_ACTIVITY_
All the data below goes into the copy word for word, but the pictures don't.

_INFORMATION PROVIDED_
>>>>

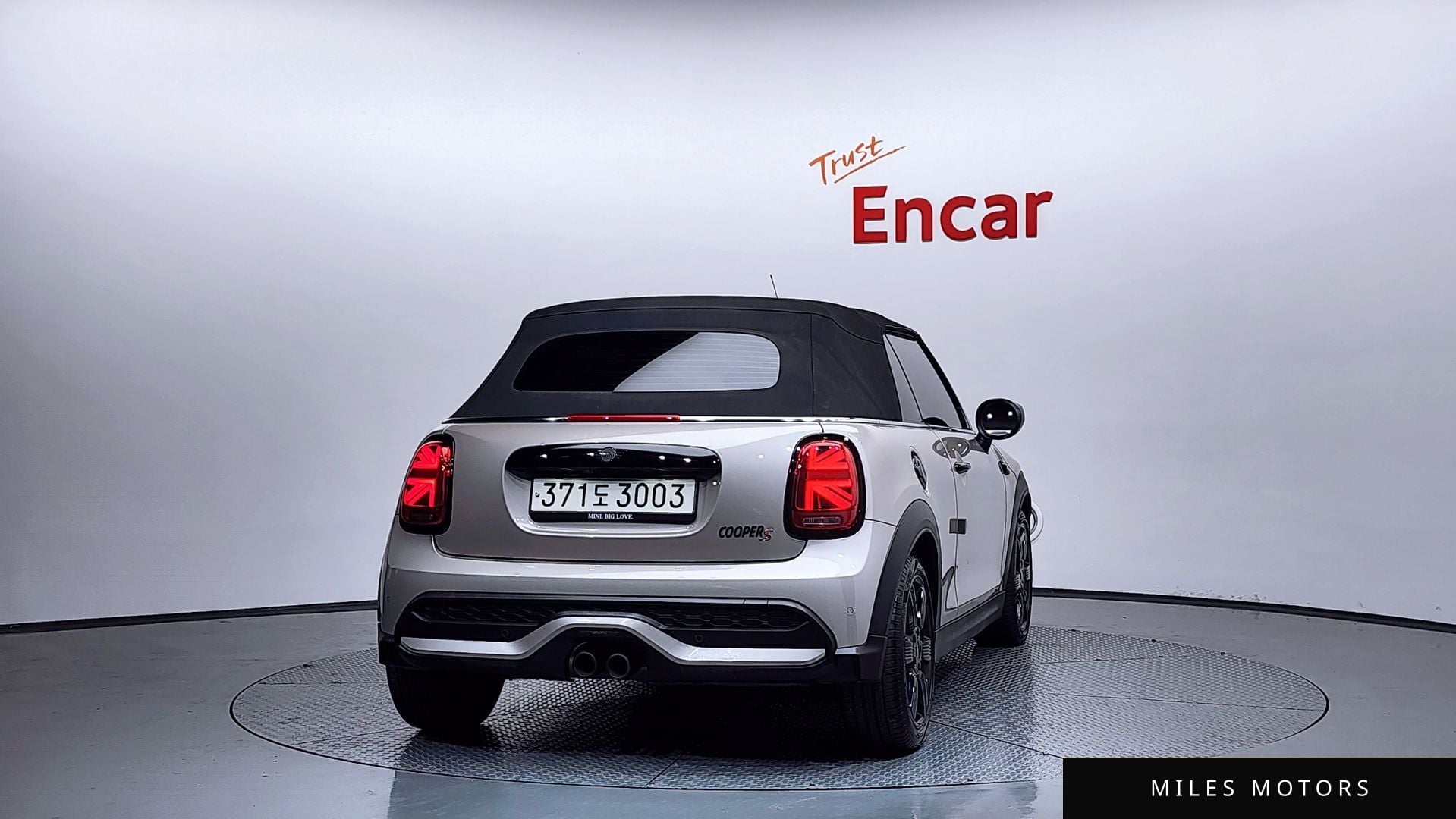 MINI Cooper Convertible 2023 — миниатюра 4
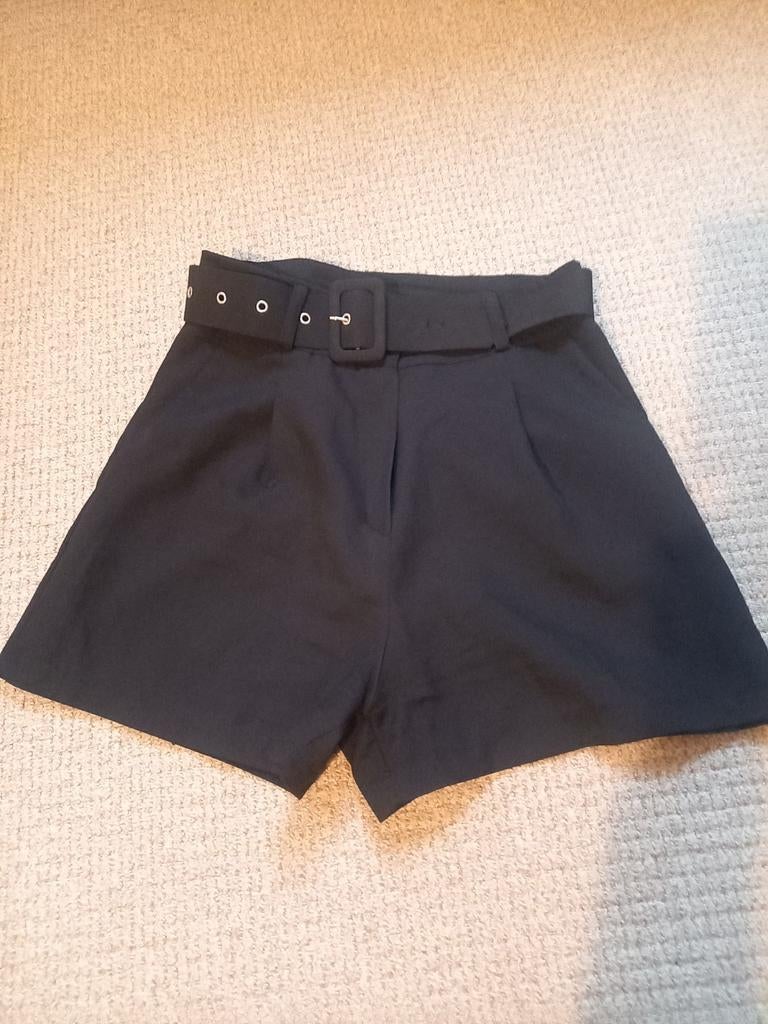 Nette, zwarte korte broek maat M, Maat 38/40 (M), Kort, Zwart, Copperose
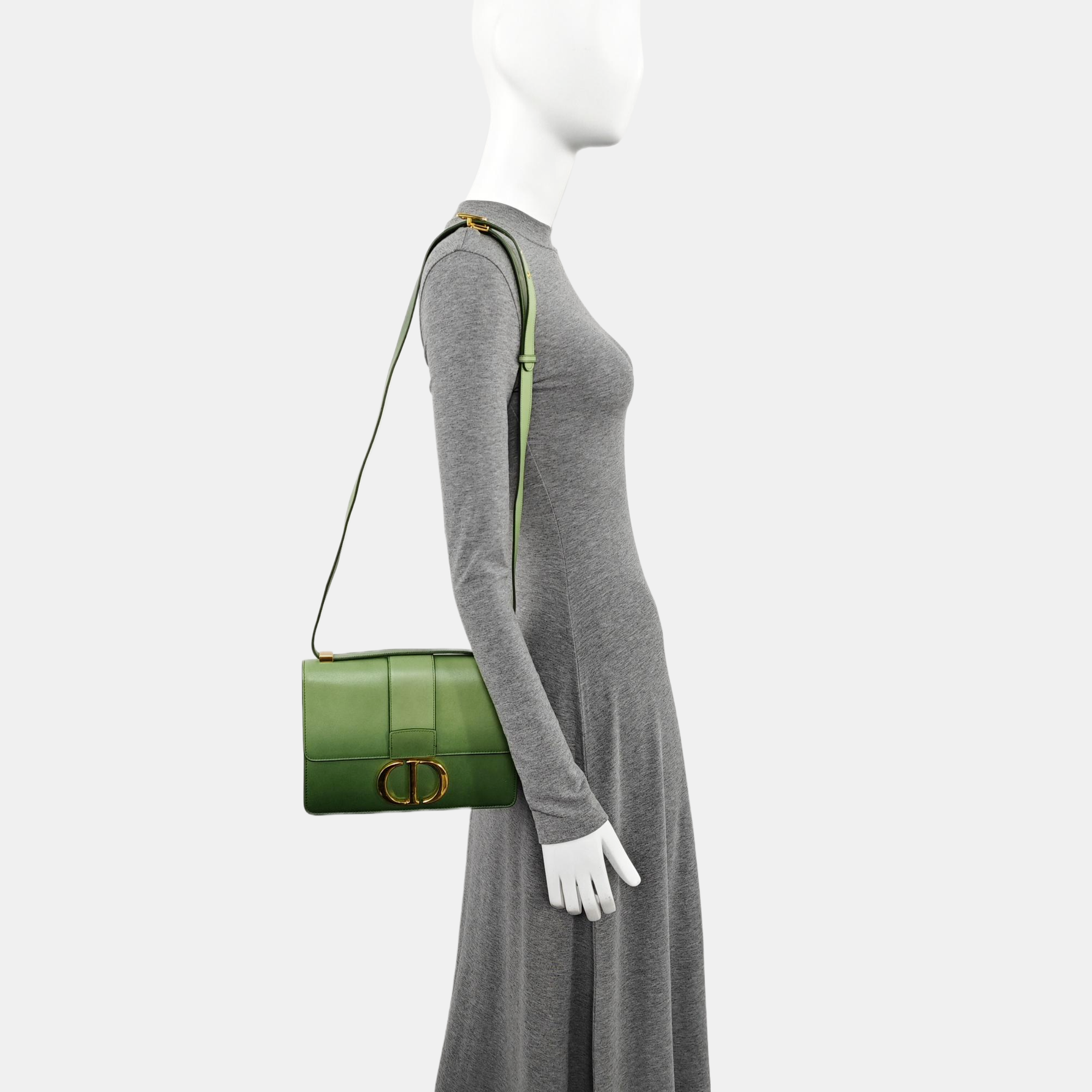 Authenticated pre-owned  30 Montaigne Calfskin Multicolor - Shoulder Bag at Looply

<<<<

_ANSWER AREA_
 MINI Cooper Convertible 2023 — миниатюра 4
 Nette, zwarte korte broek maat M, Maat 38/40 (M), Kort, Zwart, Copperose
 Authenticated pre-owned  30 Montaigne Calfskin Multicolor - Shoulder Bag at Looply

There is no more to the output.